The Modified Puls routing method, also known as storage routing or level-pool routing, is based upon a finite difference approximation of the continuity equation, coupled with an empirical representation of the momentum equation (Chow, 1964; Henderson, 1966). For the Modified Puls model, the continuity equation is written as

1)	$\begin{array}{l}\displaystyle \frac{\partial Q}{\partial x}+\frac{\partial A}{\partial t}=0\end{array}$

This simplification assumes that the lateral inflow is insignificant, and it allows width to change with respect to location.
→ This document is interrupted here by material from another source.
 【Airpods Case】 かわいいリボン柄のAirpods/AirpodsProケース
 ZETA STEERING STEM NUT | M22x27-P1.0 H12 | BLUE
Rearranging this equation and incorporating a finite-difference approximation for the partial derivatives yields:

2)	$\begin{array}{l}\displaystyle \overline{I_{t}}-\overline{O_{t}}=\frac{\Delta S_{t}}{\Delta t}\end{array}$

where $\begin{array}{l}\overline{I_{t}}\end{array}$ = average upstream flow (inflow to reach) during a period $\begin{array}{l}\Delta t\end{array}$ ; $\begin{array}{l}\overline{O_t}\end{array}$ = average downstream flow (outflow from reach) during the same period; and $\begin{array}{l}\Delta S_t\end{array}$ = change in storage in the reach during the period. Using a simple backward differencing scheme and rearranging the result to isolate the unknown values yields:

3)	$\begin{array}{l}\displaystyle \left(\frac{S_{t}}{\Delta t}+\frac{O_{t}}{2}\right)=\left(\frac{I_{t-1}+I_{t}}{2}\right)+\left(\frac{S_{t-1}}{\Delta t}-\frac{O_{t-1}}{2}\right)\end{array}$

in which $\begin{array}{l}I_{t-1}\end{array}$ and $\begin{array}{l}I_t\end{array}$ = inflow hydrograph ordinates at times t-1 and t, respectively; $\begin{array}{l}O_{t-1}\end{array}$ and $\begin{array}{l}O_t\end{array}$ = outflow hydrograph ordinates at times t-1 and t, respectively; and $\begin{array}{l}S_{t-1}\end{array}$ and $\begin{array}{l}S_t\end{array}$ = storage in reach at times t-1 and t, respectively. At time t, all terms on the right-hand side of this equation are known, and terms on the left-hand side are to be found. Thus, the equation has two unknowns at time t: $\begin{array}{l}S_t\end{array}$ and $\begin{array}{l}O_t\end{array}$ . A functional relationship between storage and outflow is required to solve Equation 3. Once that function is established, it is substituted into Equation 3, reducing the equation to a nonlinear equation with a single unknown, $\begin{array}{l}O_t\end{array}$ . This equation is solved recursively by the program, using a trial-and-error procedure. Note that at the first time t, the outflow at time t-1 must be specified to permit recursive solution of the equation; this outflow is the initial outflow condition for the storage routing model.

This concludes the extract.